The request came in from Æsa feilinn Jossursdottir (known as Feilinn), “I want something Humanist for Simona’s Baroness scroll”. My usual go-to Humanist scribe, Bartolomeo Sanvito, has been excellently documented by Albina de la Mare and Laura Nuvoloni[1] and I keep track of those MS which have been digitized. I’ve always wanted to convince someone to try using the Carafa Hours, BAV Vatican Latina 9490[2], as a model, so that was my suggestion. This manuscript, one of a small number of Sanvito’s works in the style, emulates the Carolingian/Ottonian “gold and silver on purple parchment” manuscripts.
Once the model manuscript was chosen, it came time for a text. The model is a Book of Hours, but Simona has a Jewish persona, so something obviously Christian seemed inappropriate. There are, however, a large number of Psalms in an Hours, and since those came from the Hebrew Bible, we chose to use one of those as a source text. My plan was to take the Vulgate (Latin) and Douey-Rheims (translation of the Vulgate) texts, and reassemble them into the scroll, allowing us to reuse the Latin structure and maybe even some of the phrases, while writing an English text. Then we’d translate back into Latin our new pieces and have a nice text and translation for the Herald to read in court.
Psalm 1 was an option, but it would have required a lot of reworking.
Blessed is the man who hath not walked in the counsel of the ungodly, nor stood in the way of sinners, nor sat in the chair of pestilence.
But his will is in the law of the Lord, and on his law he shall meditate day and night.
And he shall be like a tree which is planted near the running waters, which shall bring forth its fruit, in due season.
And his leaf shall not fall off: and all whatsoever he shall do shall prosper.[3]
Psalm 2 was a much better option:
Why have the Gentiles raged, and the people devised vain things?
The kings of the earth stood up, and the princes met together, against the Lord, and against his Christ[4].
Let us break their bonds asunder: and let us cast away their yoke from us.
He that dwelleth in heaven shall laugh at them: and the Lord shall deride them[5].
It already has royal imagery and Simona is a deviser of things, we just needed to invert the negative language and rework divine kingship into the Tyger Throne. Here is the final text we worked out. We even had an extra stanza in case the scribe needed more text to fill the page. Domina Aelia Fortunata did the translation back into Latin, correcting for poetic forms where appropriate. As an inside joke, we kept one couplet unchanged from the original, so we credited Jerome of Stridon as one of the authors of the text.

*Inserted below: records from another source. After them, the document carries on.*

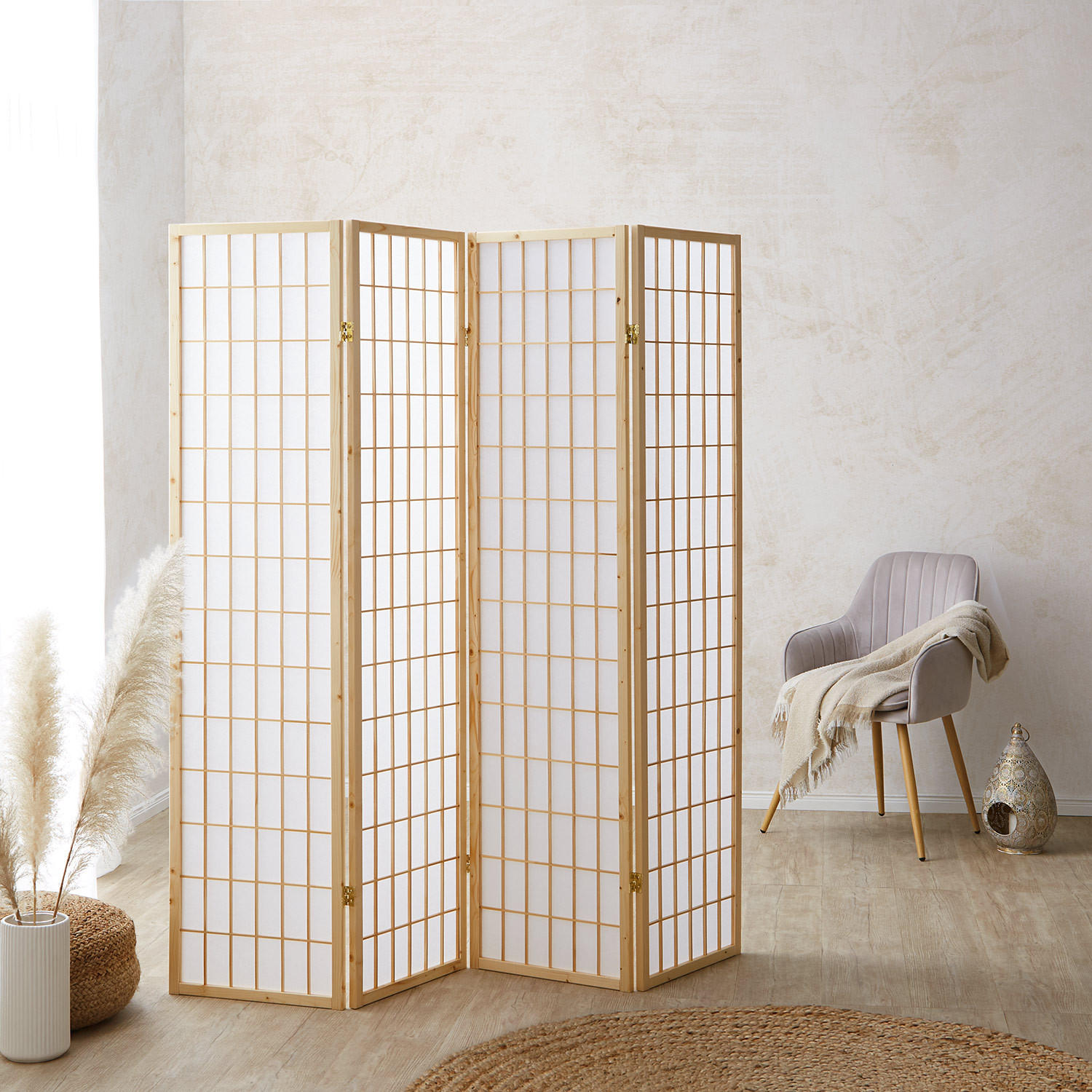 PARAVENT 4-tlg. 176/175 cm Braun Shoji - Braun, Holz (176/175/2cm) - Homestyle4u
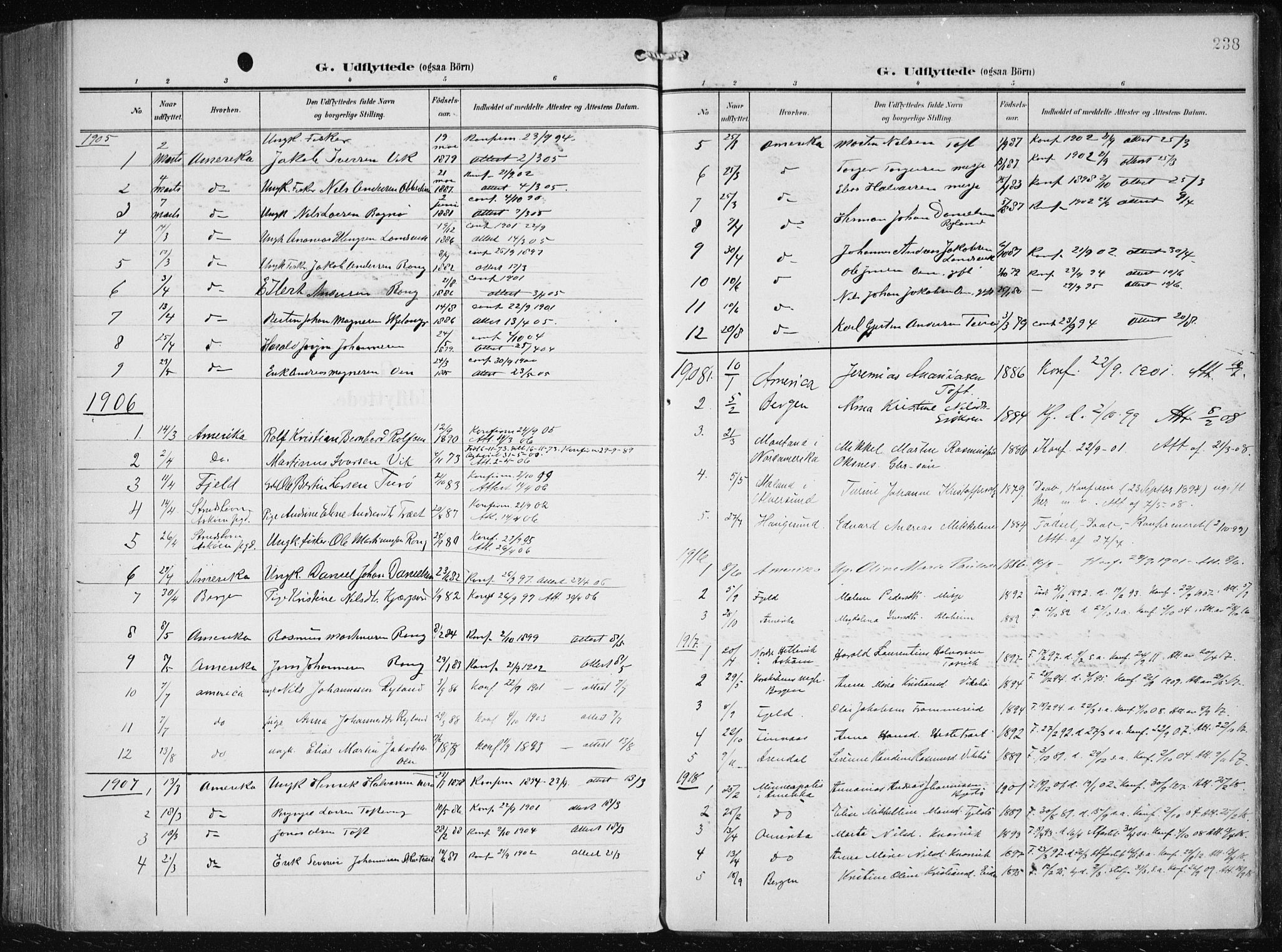 Herdla Sokneprestembete, SAB/A-75701/H/Haa: Parish register (official) no. A 5, 1905-1918, p. 238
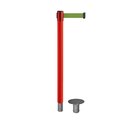 Montour Line Stanchion Belt Barrier Removable Base Red Post 7.5ftOlive Belt MSX630R-RD-OL-75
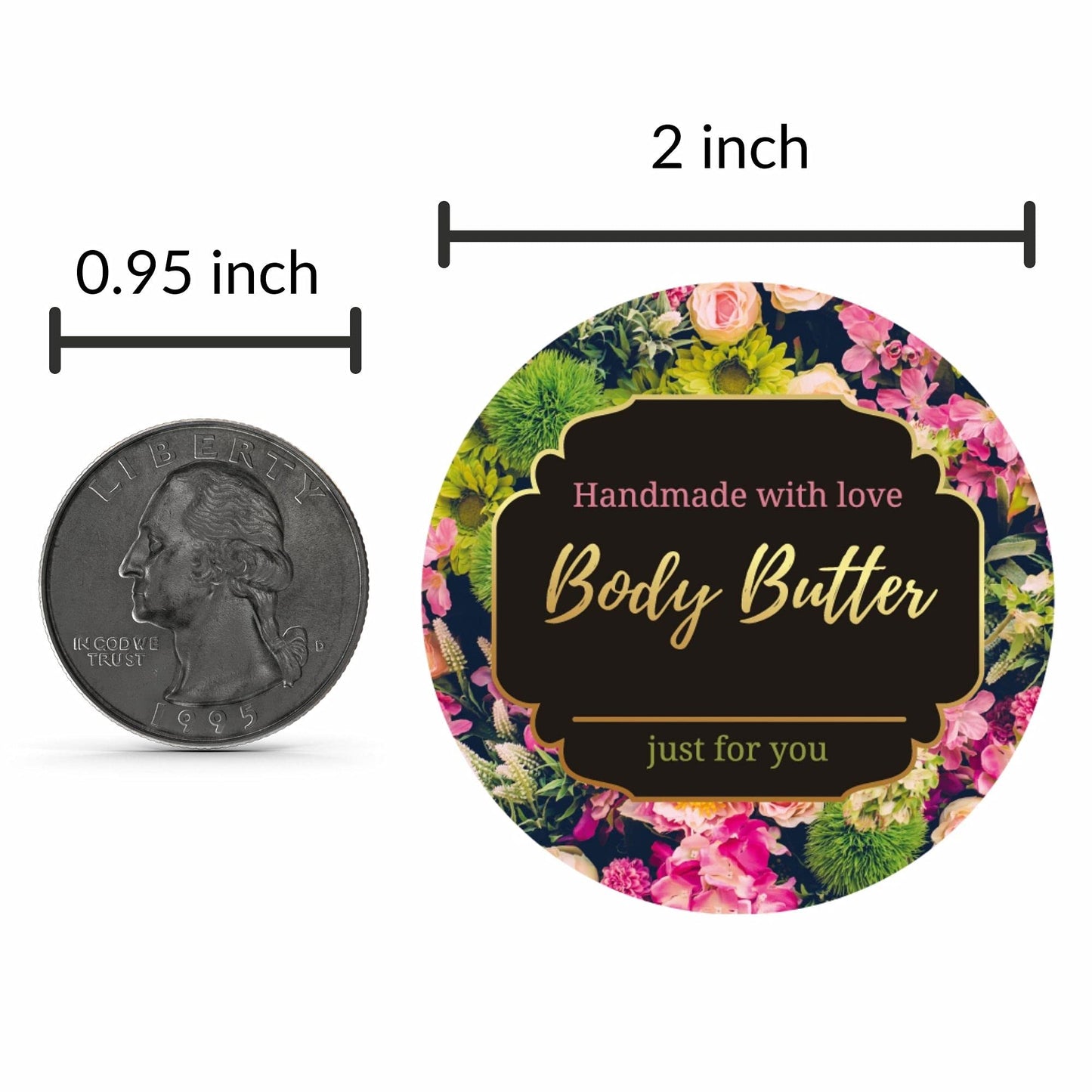 Mobiusea Creation Body Butter Containers Labels Roll | 2 Inch | Gold Foil | 300 pcs Waterproof Stickers for Small Plastic Containers and Jars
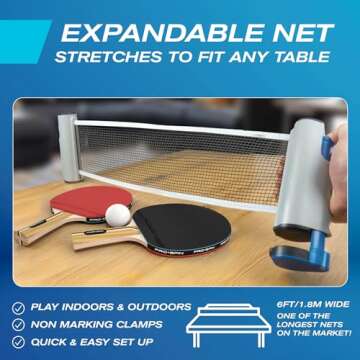 PRO SPIN Retractable Ping Pong Net – 72" Table Tennis Net with Clamps | Portable Ping Pong Net for Any Table | Includes Custom Mesh Storage Bag | Replacement Table Tennis Net Posts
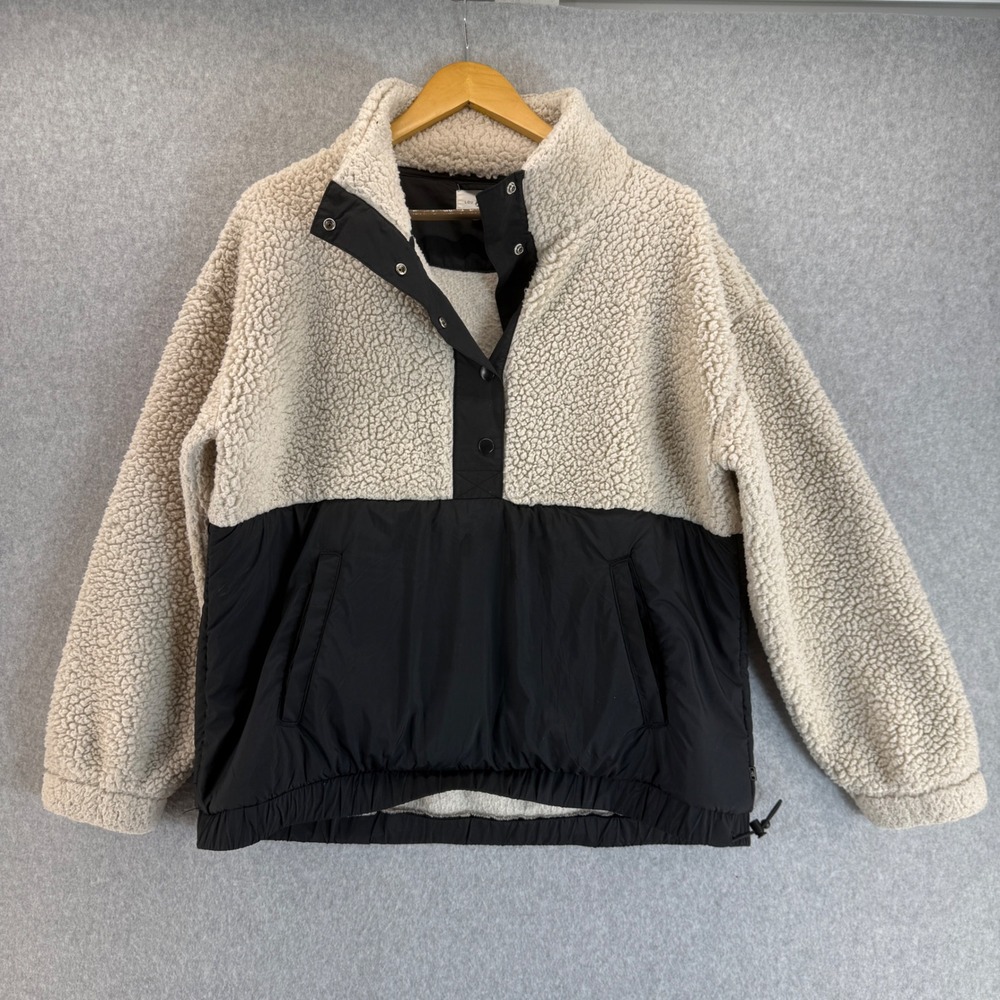 Lou & Grey‎ Sherpa Pullover Button Fleece Jacket Colorblock Black Beige Medium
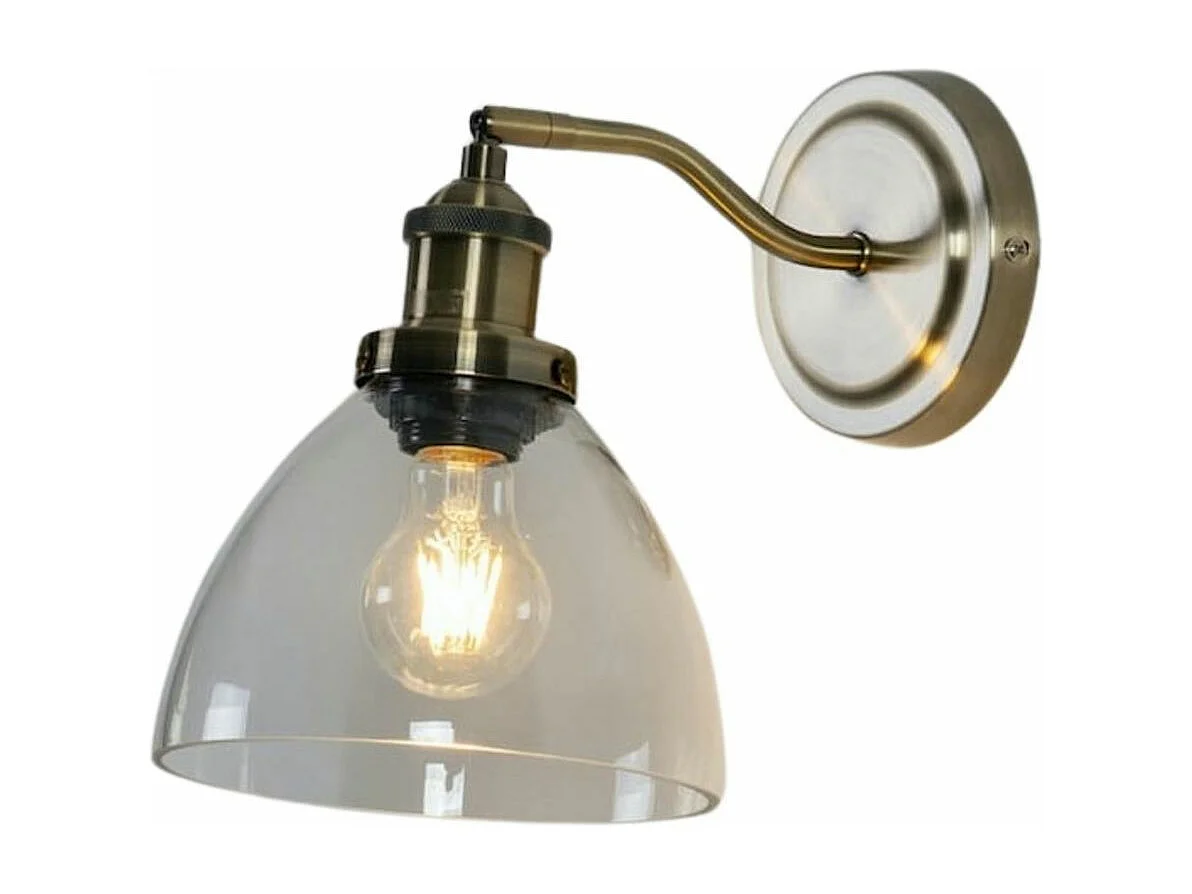 Applique vintage en verre et laiton - Flavia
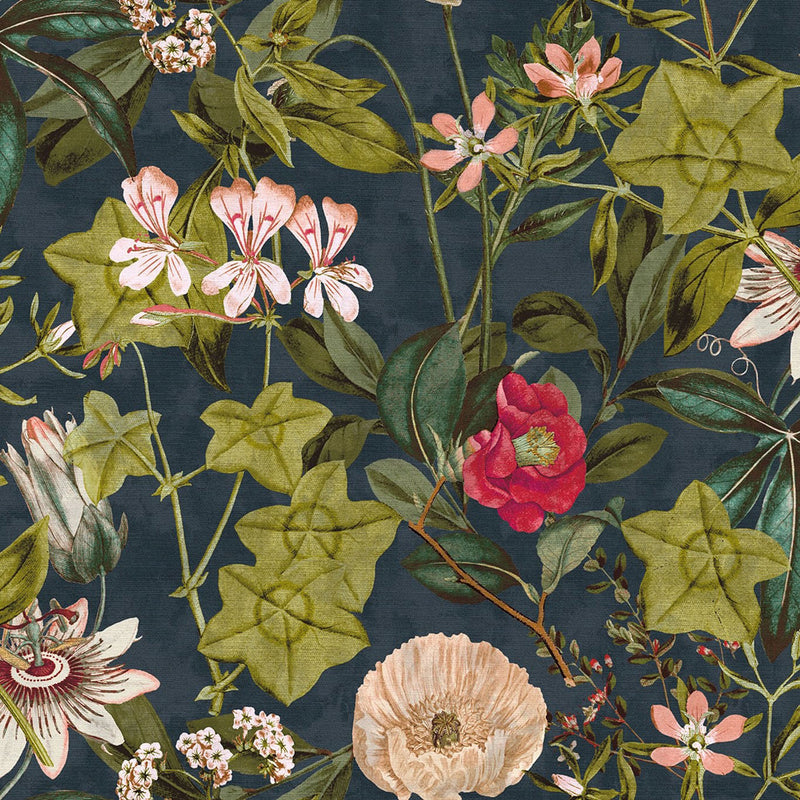 F1304/03 Passiflora Exotica Midnight/Spice Fabric by Clarke and Clarke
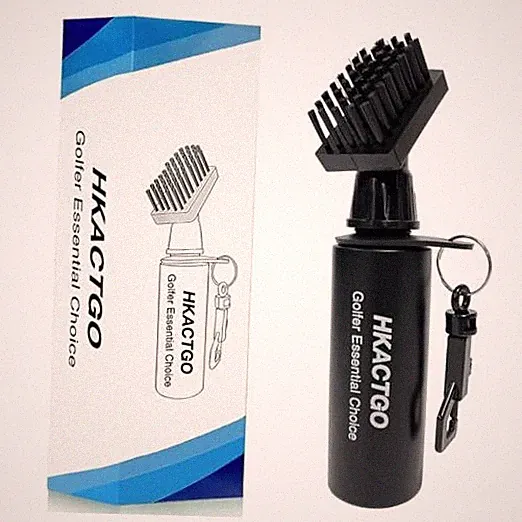 Golf Club Brush Cleaner with Clip and Squeeze Bottle 7.5 Inches Holds 4 Ounces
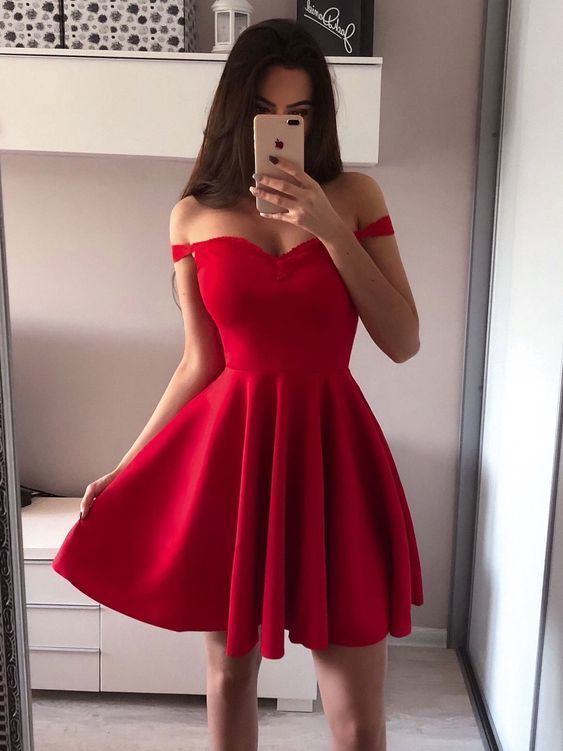 Red Off The Shoulder Homecoming Dresses Kristin Satin A Line Sweetheart Pleated Short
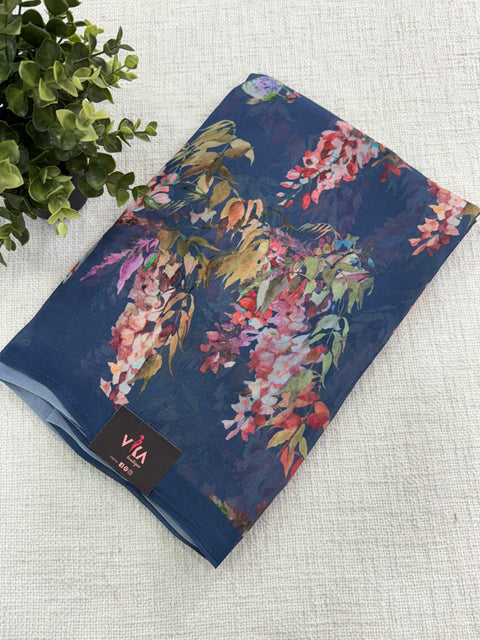 Floral printed georgette saree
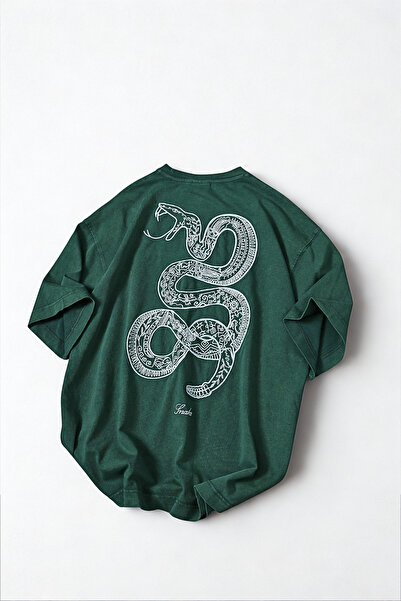 A&O Style Tricou pentru bărbați, verde supradimensionat Snake, cu broderie, l...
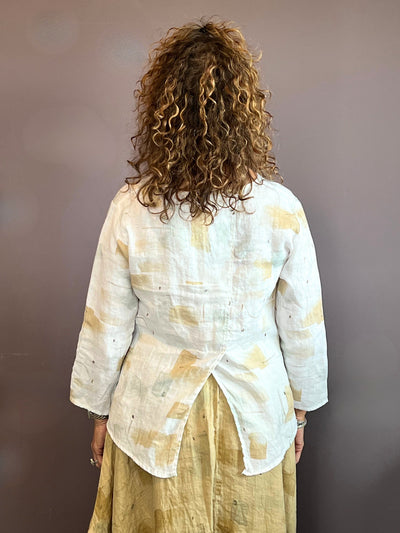Brush Stroke 3/4 Sleeve Splitback Top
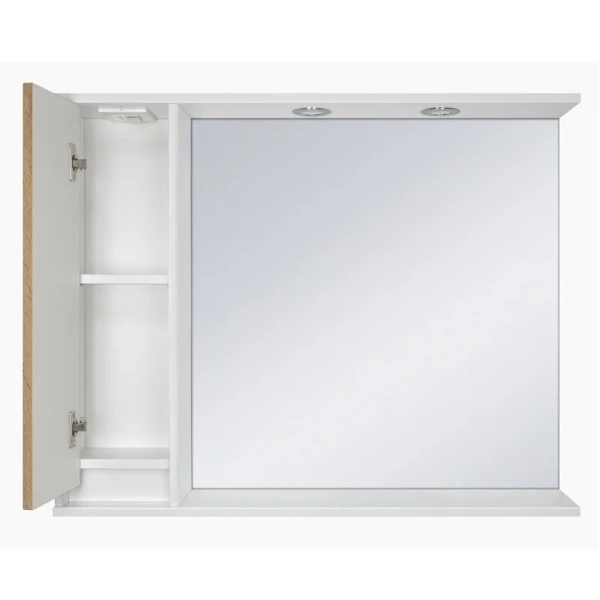 Зеркальный шкаф с подсветкой Misty Адриана 90 см левый П-Адр03090-01Л (детальная фотография), с кнопкой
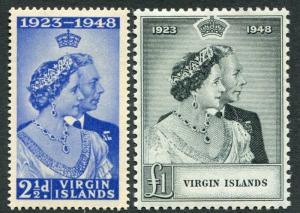 BRITISH VIRGIN ISLANDS-1948 Royal Silver Wedding Set Sg 124-125 LIGHTLY MOUNTED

[1] De la Mare, Albinia Catherine, Laura Nuvoloni, Anthony Hobson, Christopher De Hamel, Ellen Cooper Erdreich, Scott Dickerson, and Bartolomeo Sanvito. Bartolomeo Sanvito : The Life & Work of a Renaissance Scribe. Vol. 2. The Handwriting of the Italian Humanists ; Paris: Association nationale de bibliophilie, 2009.
[2] https://digi.vatlib.it/view/MSS_Vat.lat.9490
[3] http://vulgate.org/ot/psalms_1.htm
[4] The Hebrew here translates to “annointed”, so Christ is an anachronism, but not a complete invention.